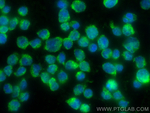 MOCS1 Polyclonal Antibody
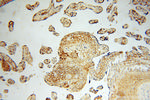 MFAP5 Antibody in Immunohistochemistry (Paraffin) (IHC (P))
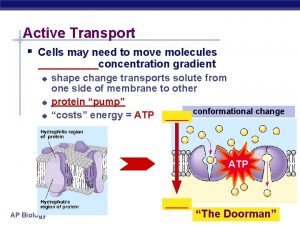 Active Transport Cells may need to move molecules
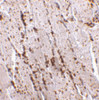 Immunohistochemistry of LIMP2 in human skeletal muscle tissue with LIMP2 antibody at 2.5 ug/mL.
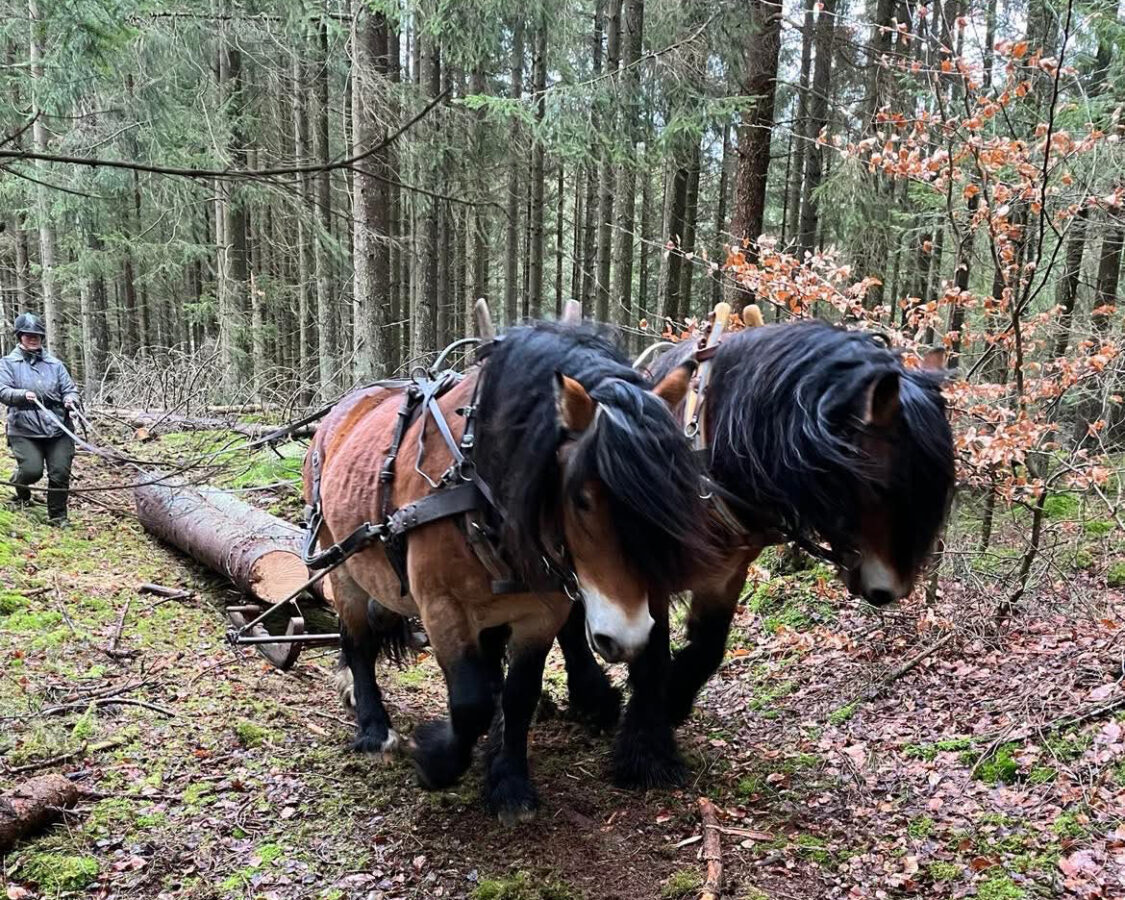 Två nordsvenska brukshästar drar timmer genom skogen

+ + + +

Your task —
Each entry above should be copied exactly. The pictures should not.

Written answer —
 MOCS1 Polyclonal Antibody
 MFAP5 Antibody in Immunohistochemistry (Paraffin) (IHC (P))
 Active Transport Cells may need to move molecules
 Immunohistochemistry of LIMP2 in human skeletal muscle tissue with LIMP2 antibody at 2.5 ug/mL.
 Två nordsvenska brukshästar drar timmer genom skogen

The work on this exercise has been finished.